_DATA TO USE_.
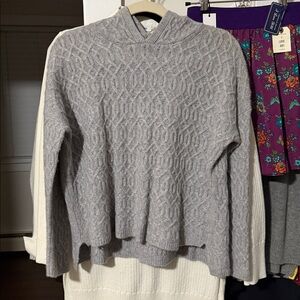 Aqua Cashmere Sweater Cable Knit Hooded Gray Women's Size Large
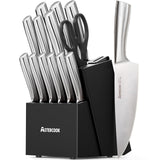 Astercook Knife Set, Kitchen Knives Set with Block and Sharpener Full Tang 15 Pcs Premium Stainless Steel Knives, Dishwasher Safe Knife Set with Anti-slip Ergonomic Handle, Black, Mothers Day Gifts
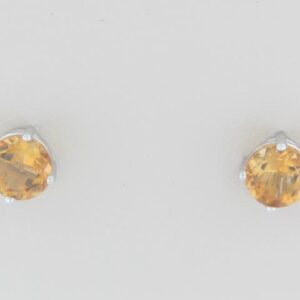 14K White Gold Citrine Stud Earrings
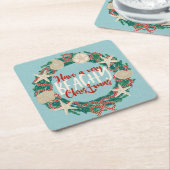 Kerst Kust Tropisch Zee Shell Krans - Aqua Kartonnen Onderzetters (Schuin)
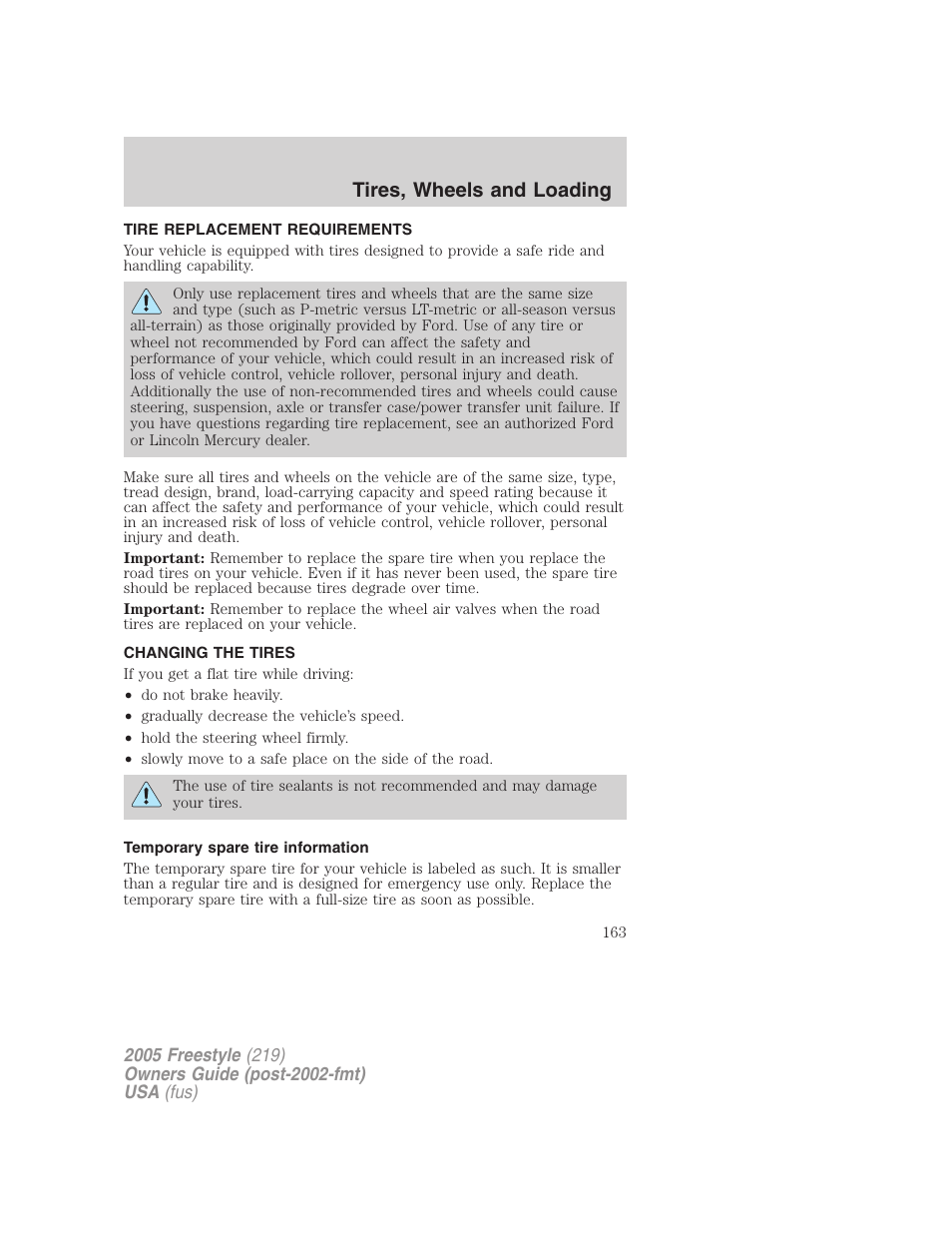 Tire replacement requirements, Changing the tires, Temporary spare tire information | Changing tires, Tires, wheels and loading | FORD 2005 Freestyle v.3 User Manual | Page 163 / 288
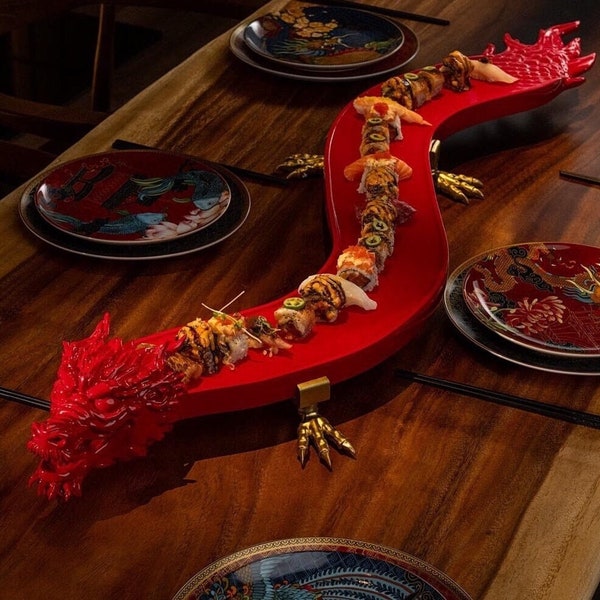 The Servant Dragon 50 inchs, Sushi rolls dish, décor and food serving tray. Perfect gift for new year, Mothers fathers day parties birthdays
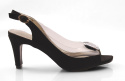 Sabatina 1014-C czarne transparentne sandały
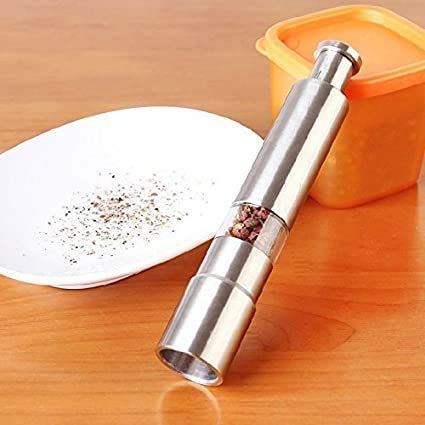 Kazenzo Mini Pepper Grinder Crusher Mill Stainless Steel Hand Thumb Press Set Machine with Stylish Design for Grinding Salt and Black Pepper - Image 1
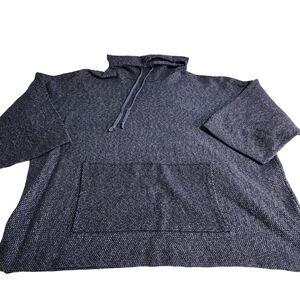 J Jill Pure Jill sweater. Blue, print, cowl neck with drawstring, 1/2 sleeves.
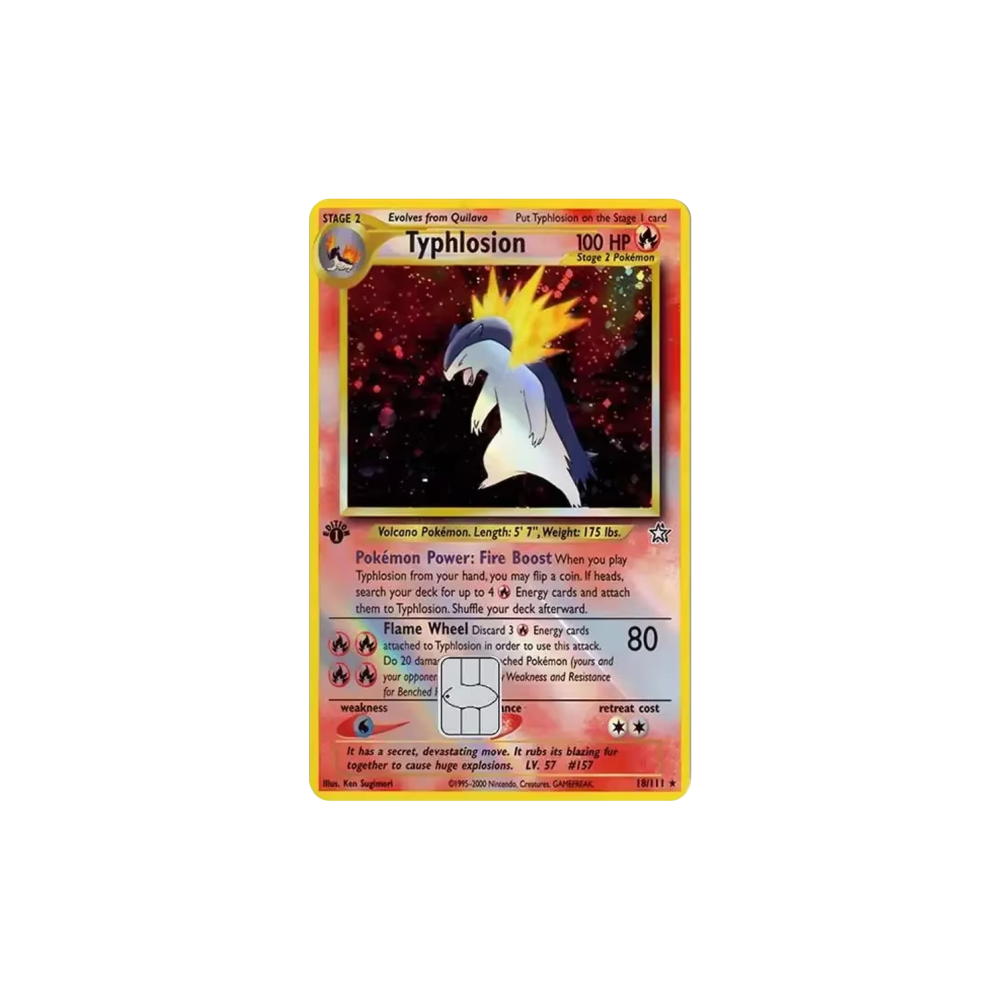 HOLO Typhlosion PKMN TCG Card Cover Sticker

_EXERCISE BRIEF_. Within the listing above, find the line containing "Kerst Kust Tropisch", then print it and every line after it exactly, leaving out pictures.

_RESPONSE BELOW_.
 Kerst Kust Tropisch Zee Shell Krans - Aqua Kartonnen Onderzetters (Schuin)
 Tire replacement requirements, Changing the tires, Temporary spare tire information | Changing tires, Tires, wheels and loading | FORD 2005 Freestyle v.3 User Manual | Page 163 / 288
 The Servant Dragon 50 inchs, Sushi rolls dish, décor and food serving tray. Perfect gift for new year, Mothers fathers day parties birthdays
 Sabatina 1014-C czarne transparentne sandały
 Kazenzo Mini Pepper Grinder Crusher Mill Stainless Steel Hand Thumb Press Set Machine with Stylish Design for Grinding Salt and Black Pepper - Image 1
 J Jill Pure Jill sweater. Blue, print, cowl neck with drawstring, 1/2 sleeves.
 HOLO Typhlosion PKMN TCG Card Cover Sticker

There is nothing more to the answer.